▶ **Exercise material**:
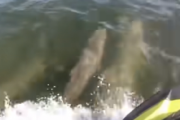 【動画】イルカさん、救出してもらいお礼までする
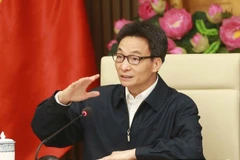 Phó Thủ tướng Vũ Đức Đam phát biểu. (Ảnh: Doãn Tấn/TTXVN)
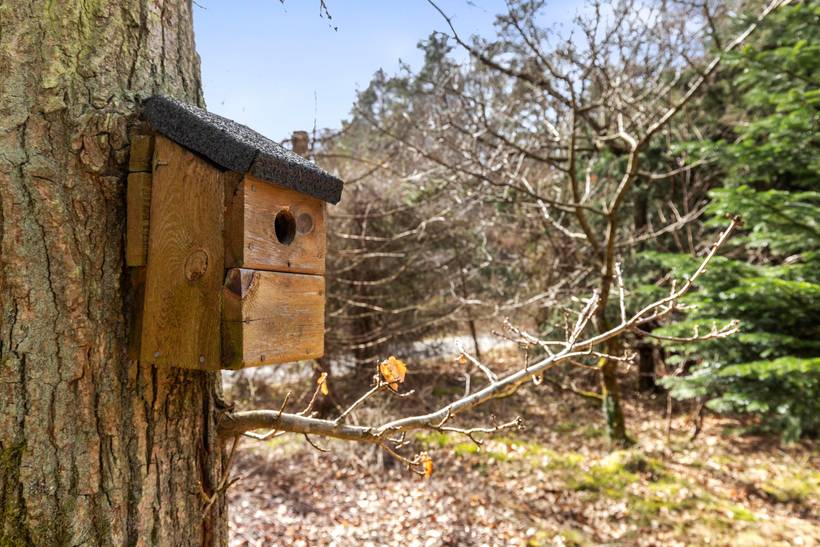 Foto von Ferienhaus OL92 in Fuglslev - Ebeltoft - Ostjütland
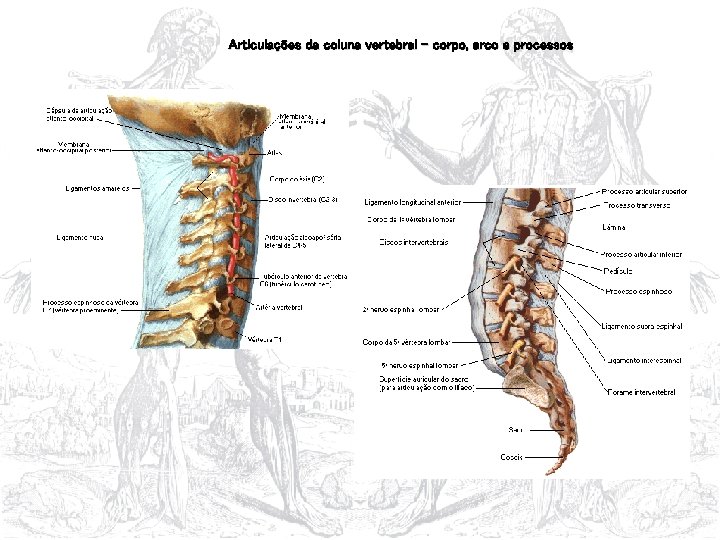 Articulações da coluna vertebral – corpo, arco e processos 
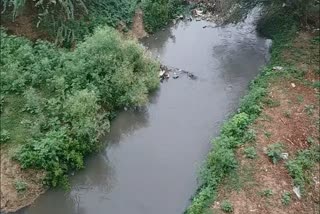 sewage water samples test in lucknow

▶ **Task instructions**: In the copy, include exactly the lines from the one with "Articulações da coluna" through the final line of the data, both ends included, and no pictures.

▶ **Task response**:
 Articulações da coluna vertebral – corpo, arco e processos 
 sewage water samples test in lucknow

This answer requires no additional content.